───── Excerpted data ─────

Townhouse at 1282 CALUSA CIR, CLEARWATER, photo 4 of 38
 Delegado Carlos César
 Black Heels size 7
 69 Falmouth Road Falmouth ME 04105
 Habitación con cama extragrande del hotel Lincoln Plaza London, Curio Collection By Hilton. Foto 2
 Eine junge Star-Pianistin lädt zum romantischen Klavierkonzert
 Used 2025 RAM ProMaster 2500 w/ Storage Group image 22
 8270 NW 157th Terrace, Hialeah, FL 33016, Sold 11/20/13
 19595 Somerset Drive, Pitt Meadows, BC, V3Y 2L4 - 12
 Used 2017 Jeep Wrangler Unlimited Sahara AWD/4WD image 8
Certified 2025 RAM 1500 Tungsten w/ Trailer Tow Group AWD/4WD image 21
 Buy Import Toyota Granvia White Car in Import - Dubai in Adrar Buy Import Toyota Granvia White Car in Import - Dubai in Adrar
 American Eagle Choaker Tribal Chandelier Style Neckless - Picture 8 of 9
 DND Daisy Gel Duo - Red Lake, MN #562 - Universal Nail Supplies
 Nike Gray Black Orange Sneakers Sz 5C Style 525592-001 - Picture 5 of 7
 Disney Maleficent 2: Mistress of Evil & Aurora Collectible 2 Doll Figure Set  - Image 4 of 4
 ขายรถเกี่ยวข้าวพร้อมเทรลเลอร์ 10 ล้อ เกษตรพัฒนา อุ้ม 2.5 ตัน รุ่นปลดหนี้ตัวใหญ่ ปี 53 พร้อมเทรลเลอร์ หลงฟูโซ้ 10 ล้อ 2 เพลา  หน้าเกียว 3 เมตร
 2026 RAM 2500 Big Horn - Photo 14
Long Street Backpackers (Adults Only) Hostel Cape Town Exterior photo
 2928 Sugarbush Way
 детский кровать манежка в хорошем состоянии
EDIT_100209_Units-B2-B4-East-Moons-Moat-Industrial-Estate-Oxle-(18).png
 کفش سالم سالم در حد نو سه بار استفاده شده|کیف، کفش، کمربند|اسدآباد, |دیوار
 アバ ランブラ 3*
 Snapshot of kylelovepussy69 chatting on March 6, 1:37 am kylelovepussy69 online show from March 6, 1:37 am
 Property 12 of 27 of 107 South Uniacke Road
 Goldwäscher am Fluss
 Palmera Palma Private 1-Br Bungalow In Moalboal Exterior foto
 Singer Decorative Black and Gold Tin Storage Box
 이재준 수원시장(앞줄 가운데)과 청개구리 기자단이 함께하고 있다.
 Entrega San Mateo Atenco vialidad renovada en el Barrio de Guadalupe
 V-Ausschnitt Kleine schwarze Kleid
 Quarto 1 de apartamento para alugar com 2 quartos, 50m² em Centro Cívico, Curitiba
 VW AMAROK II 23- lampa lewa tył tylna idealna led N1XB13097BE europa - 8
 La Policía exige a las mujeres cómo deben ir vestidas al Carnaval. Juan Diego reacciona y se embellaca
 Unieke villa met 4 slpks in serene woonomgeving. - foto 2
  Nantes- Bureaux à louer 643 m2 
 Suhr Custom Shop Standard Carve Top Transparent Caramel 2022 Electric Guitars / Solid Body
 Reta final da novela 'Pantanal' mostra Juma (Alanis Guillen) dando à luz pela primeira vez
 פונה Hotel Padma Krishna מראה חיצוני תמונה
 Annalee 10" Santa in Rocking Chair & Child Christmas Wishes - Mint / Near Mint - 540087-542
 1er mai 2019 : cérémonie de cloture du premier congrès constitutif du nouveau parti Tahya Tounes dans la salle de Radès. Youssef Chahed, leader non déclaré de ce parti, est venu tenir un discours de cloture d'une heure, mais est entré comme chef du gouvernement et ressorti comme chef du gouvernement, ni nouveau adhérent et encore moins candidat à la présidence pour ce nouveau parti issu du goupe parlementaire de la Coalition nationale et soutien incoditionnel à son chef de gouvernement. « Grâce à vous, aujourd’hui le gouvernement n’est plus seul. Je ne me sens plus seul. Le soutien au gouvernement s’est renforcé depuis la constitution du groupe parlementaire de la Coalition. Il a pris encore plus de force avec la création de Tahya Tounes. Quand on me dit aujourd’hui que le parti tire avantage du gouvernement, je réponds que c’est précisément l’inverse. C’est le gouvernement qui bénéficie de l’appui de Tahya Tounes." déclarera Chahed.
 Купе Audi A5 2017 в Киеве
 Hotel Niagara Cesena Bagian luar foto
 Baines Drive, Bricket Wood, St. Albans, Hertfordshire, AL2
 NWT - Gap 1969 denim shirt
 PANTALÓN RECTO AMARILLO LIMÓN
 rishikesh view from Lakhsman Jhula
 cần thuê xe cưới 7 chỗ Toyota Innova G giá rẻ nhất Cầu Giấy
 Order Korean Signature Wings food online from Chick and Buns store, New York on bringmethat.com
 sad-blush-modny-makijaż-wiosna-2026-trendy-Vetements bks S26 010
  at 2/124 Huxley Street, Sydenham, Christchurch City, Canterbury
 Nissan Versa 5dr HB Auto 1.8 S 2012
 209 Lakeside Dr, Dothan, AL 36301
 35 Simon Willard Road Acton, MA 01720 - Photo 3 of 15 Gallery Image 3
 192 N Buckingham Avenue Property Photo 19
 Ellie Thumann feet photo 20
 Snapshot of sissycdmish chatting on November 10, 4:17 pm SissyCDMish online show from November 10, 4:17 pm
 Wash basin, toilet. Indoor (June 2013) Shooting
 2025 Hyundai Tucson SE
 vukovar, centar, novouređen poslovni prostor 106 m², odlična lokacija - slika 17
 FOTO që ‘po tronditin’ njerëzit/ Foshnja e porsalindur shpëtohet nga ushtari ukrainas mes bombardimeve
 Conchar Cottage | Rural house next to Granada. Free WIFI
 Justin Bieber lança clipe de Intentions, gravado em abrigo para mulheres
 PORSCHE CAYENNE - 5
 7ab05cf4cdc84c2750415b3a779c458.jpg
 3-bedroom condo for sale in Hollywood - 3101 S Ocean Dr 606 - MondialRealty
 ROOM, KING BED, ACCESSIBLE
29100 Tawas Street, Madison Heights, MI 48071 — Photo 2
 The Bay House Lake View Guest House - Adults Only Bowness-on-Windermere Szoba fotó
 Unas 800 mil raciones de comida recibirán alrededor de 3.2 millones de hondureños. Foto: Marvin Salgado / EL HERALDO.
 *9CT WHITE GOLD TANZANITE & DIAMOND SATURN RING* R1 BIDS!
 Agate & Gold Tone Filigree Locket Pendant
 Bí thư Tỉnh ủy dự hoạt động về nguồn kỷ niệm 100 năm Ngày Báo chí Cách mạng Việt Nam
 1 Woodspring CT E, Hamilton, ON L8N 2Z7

─────

Across the data, pull every line containing the string "Style".

 American Eagle Choaker Tribal Chandelier Style Neckless - Picture 8 of 9
 Nike Gray Black Orange Sneakers Sz 5C Style 525592-001 - Picture 5 of 7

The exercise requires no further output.